Join Date: 08.02.2013
Don't adopt the Euro
I fear our Polish friends are debating Euro adoption based on a parameters of image and a desire to feel integrated into a modern Europe as opposed to sensible economic policy.
Would adopting the Euro really help Polish exporters? Only marginally. The shoemaker here exports to non Euro countries: Czech, Russia, UK, US, Canada. Whatever uncertainty and consequentially increased transaction costs are presented in having to balance the books with units sold into a foreign currency are marginal, at best, so long the zloty is stable. To the extent the cost is a factor, adopting the Euro only reduces it with trade within the eurozone. Sweden, Denmark do just fine trading with Europe and the world without the Euro. We have advanced computers that can calculate the conversions instantly. Different currencies are not the large wall to trade it was made out to be.
Most of the internet sales are going to be done with credit cards.

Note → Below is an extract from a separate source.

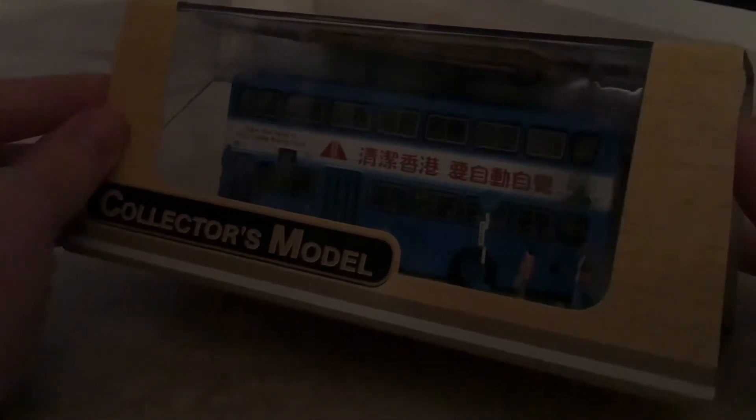This is a Hong Kong bus — of course, because I do like my Hong Kong buses. Let's zoom in and take a look at the packaging. I'm going to try and get it so there are no reflections, but it's going to be hard because there are lots of reflections.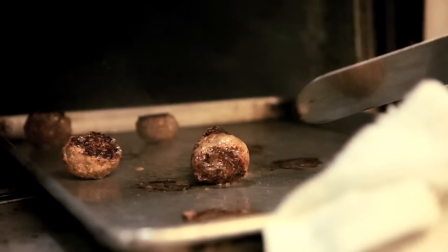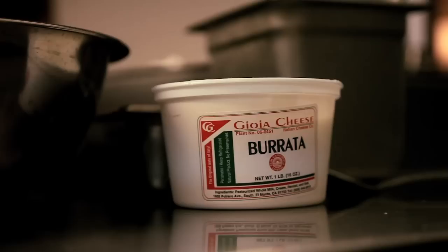The rotta cheese comes fresh from basically downtown LA. It gets delivered here daily. And this looks like a mozzarella cheese, but it's got cream. It's very good.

Visa and Mastercard do most of the work and absorb most of the risk.
If the benefits of the single currency are marginal, what of the risks? They are substantial. As we learned in comparing the US debt situation with EU countries, there is a lot to be said for having one's debt denominated in a currency you control. While much of Polish debt is already likely not in Zlotys, none of it will be if they adopt the Euro. Deliberately hard or soft currency policies during economically may not be a good option in all cases, but why take it off the table as a possibility for all time unless there is something to be gained?
Regardless of where you stand on the economic benefits of the single currency and its not worth while caught up in the image of the euro and the symbolism it implies or does not. Nationalists do no favours arguing that the Euro will make Poles less Polish. Pro-Euro groups do no favours arguing that Conservatives are reactionary and retreating from globalization behind a national currency.